BEGIN
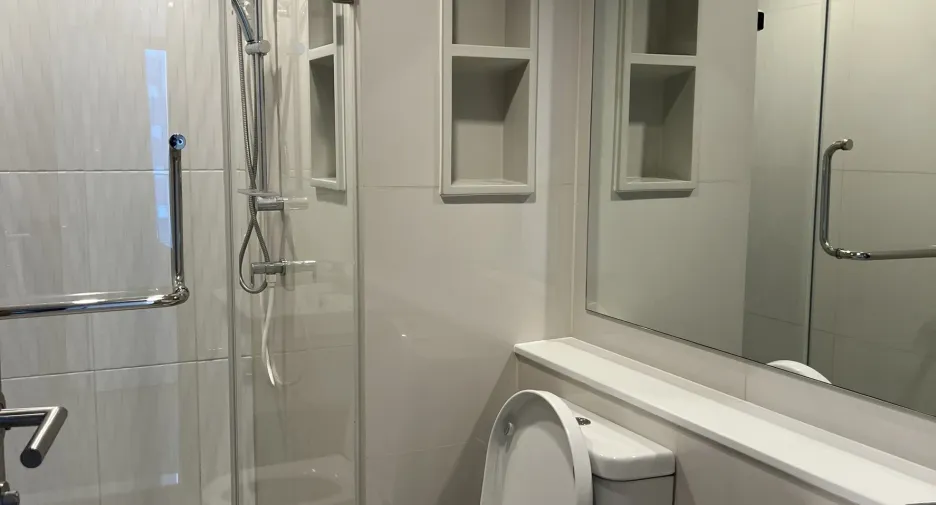For rent 2 bedrooms condo in Huai Khwang, Bangkok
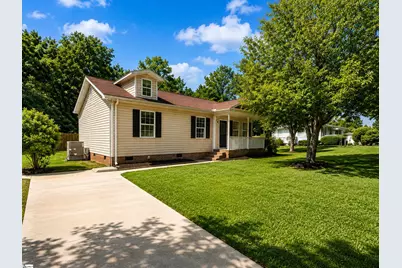 109 Laurens Court, Fountain Inn, SC 29644 - Photo 2
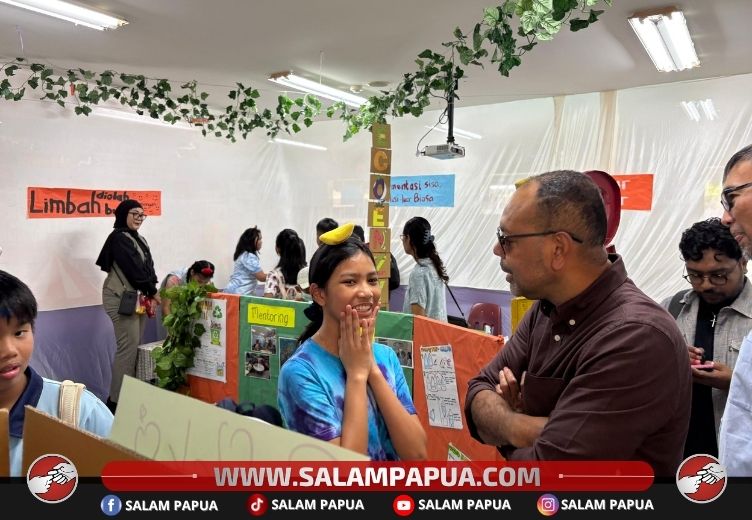 Director and Executive Vice President Sustainable Development PTFI, Claus Wamafma saat mengunjungi stand daur ulang sampah organik (salampapua.com/Evita)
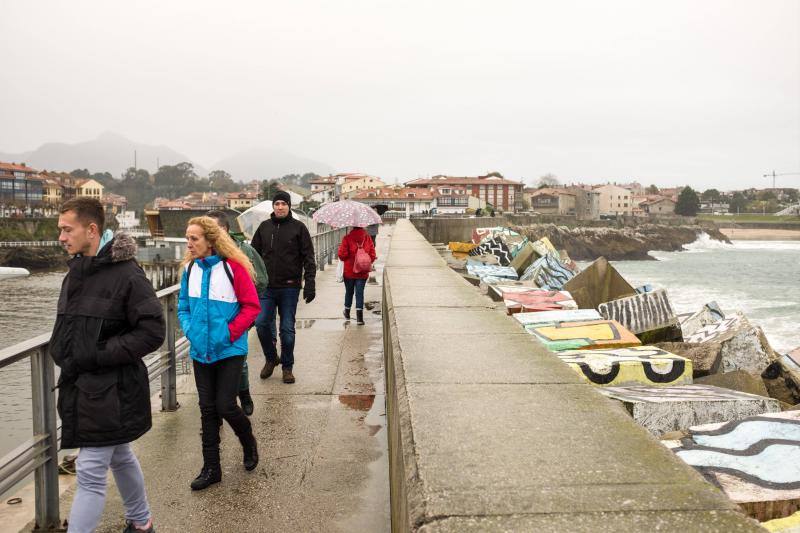 Turistas por Asturias bajo la lluvia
END
■ What this task involves ■
Repeat each line above exactly. The pictures stay out.

■ Written solution ■
For rent 2 bedrooms condo in Huai Khwang, Bangkok
 109 Laurens Court, Fountain Inn, SC 29644 - Photo 2
 Director and Executive Vice President Sustainable Development PTFI, Claus Wamafma saat mengunjungi stand daur ulang sampah organik (salampapua.com/Evita)
 Turistas por Asturias bajo la lluvia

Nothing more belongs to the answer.